MaterializeInc
diff --git a/‎doc/developer/design/20231201_catalog_migration_to_persist.md
+164 b/‎doc/developer/design/20231201_catalog_migration_to_persist.md
+164
diff --git a/‎doc/developer/design/static/catalog_migration_to_persist/catalog_migration_multi_tombstone.png
41.7 KB b/‎doc/developer/design/static/catalog_migration_to_persist/catalog_migration_multi_tombstone.png
41.7 KB
diff --git a/‎doc/developer/design/static/catalog_migration_to_persist/catalog_migration_single_tombstone.png
14.6 KB b/‎doc/developer/design/static/catalog_migration_to_persist/catalog_migration_single_tombstone.png
14.6 KB
@@ -0,0 +1,164 @@
+# Catalog Backend Migration
+
+- Associated: https://github.com/MaterializeInc/materialize/issues/20953
+- Associated: https://github.com/MaterializeInc/materialize/issues/22392
+
+## The Problem
+
+Currently, we persist all users catalog data in the stash. We would like to move all of that data
+to Persist. This will have the following benefits:
+
+- A step towards architecting a shareable catalog that will contribute to use case isolation.
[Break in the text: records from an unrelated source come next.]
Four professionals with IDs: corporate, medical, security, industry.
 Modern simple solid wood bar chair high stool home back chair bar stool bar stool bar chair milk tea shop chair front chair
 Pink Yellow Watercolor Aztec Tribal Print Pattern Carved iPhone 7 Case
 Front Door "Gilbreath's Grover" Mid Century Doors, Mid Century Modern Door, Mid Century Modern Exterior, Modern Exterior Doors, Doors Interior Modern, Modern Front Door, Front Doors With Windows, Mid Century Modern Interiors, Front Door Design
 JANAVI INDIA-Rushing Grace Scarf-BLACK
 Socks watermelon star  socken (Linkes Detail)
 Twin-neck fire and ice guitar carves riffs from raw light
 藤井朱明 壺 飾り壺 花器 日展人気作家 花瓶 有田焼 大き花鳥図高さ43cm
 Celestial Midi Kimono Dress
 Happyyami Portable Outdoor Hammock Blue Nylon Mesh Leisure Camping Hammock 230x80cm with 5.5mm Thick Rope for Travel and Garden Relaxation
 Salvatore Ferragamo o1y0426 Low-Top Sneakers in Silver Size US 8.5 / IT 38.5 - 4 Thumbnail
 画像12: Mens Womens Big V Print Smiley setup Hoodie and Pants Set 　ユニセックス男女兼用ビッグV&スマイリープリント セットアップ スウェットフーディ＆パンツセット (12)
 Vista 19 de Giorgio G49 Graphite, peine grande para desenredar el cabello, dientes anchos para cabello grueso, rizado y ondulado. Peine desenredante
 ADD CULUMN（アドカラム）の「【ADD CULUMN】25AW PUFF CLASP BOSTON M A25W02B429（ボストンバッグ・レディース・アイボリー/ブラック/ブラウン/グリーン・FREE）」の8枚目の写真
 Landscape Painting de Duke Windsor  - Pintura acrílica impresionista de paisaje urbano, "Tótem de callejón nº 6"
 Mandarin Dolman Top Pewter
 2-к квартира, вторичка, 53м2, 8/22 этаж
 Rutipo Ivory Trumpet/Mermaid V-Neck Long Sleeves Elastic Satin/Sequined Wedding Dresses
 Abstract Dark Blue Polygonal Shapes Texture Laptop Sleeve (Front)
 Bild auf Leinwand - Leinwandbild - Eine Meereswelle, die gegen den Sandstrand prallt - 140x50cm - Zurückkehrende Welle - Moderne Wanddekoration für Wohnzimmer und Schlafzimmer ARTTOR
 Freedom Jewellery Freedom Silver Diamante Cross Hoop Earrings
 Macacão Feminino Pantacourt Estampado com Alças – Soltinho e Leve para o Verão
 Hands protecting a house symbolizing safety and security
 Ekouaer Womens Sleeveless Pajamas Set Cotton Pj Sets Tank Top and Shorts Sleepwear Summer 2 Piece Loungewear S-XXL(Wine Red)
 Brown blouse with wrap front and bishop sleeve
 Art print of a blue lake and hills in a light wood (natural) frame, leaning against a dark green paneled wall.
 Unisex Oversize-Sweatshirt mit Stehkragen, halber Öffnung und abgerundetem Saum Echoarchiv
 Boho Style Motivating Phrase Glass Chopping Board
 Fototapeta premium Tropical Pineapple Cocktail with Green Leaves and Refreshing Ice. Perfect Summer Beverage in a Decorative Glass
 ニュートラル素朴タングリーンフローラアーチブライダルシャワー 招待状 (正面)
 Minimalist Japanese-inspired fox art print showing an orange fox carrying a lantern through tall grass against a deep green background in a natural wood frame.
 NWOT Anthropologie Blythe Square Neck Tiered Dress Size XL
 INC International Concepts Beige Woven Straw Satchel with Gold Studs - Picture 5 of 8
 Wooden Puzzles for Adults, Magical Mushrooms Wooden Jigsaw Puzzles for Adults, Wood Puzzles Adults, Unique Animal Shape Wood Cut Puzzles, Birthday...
+- Reduced operational overhead related to maintaining the stash. Note, the overhead is not
+  completely removed because the storage controller still uses the stash.
+
+## Success Criteria
+
+All user catalog data is stored in Persist.
+
+## Out of Scope
+
+- Fully shareable differential catalog.
+- Use case isolation.
+- Zero downtime upgrades.
+
+## Solution Proposal
+
+### Config Collection
+
+The config collection is a subset of catalog data that can never be migrated. As a consequence, this
+data can be read before the catalog is fully opened and can be used to bootstrap an environment. The
+config collection has keys of type `String` and values of type `u64`. Booleans can be modeled using
+this collection by storing a `0` for `false` and `1` for `true`. This proposal will add a key called
+`tombstone`, with a boolean value that indicates if a specific catalog backend is retired. A value
+of `false` means that the backend is not retired (i.e. is still in use) and a value of `true` means
+the backend is retired (i.e. is not still in use).
+
+### Epoch Fencing
+
+The catalog durably stores a fencing token called the epoch. All catalog writers and readers also
+store an in-memory epoch. When a new writer or reader connects to the catalog they store the
+previous epoch plus one in memory and persist this new value durably. Every time a reader or write
+performs a read or write, they compare their in-memory token with the persisted token, and if
+there's a difference, the operation fails. As a result, whenever a reader/write increments the epoch
+durably, they are effectively fencing out all previous readers/writers.
+
+### Catalog Open
+
+Opening a catalog involves the following two steps:
+
+1. Increment the epoch.
+2. Either initialize the persisted catalog state if it's uninitialized, or migrate the data format
+   if there are any migrations, otherwise do nothing.
+
+### Migrate From Stash to Persist
+
+Below are the steps to migrate from the stash to persist.
+
+1. Open the stash catalog.
+2. Open the persist catalog.
+3. If the stash tombstone is `true`, then we're done.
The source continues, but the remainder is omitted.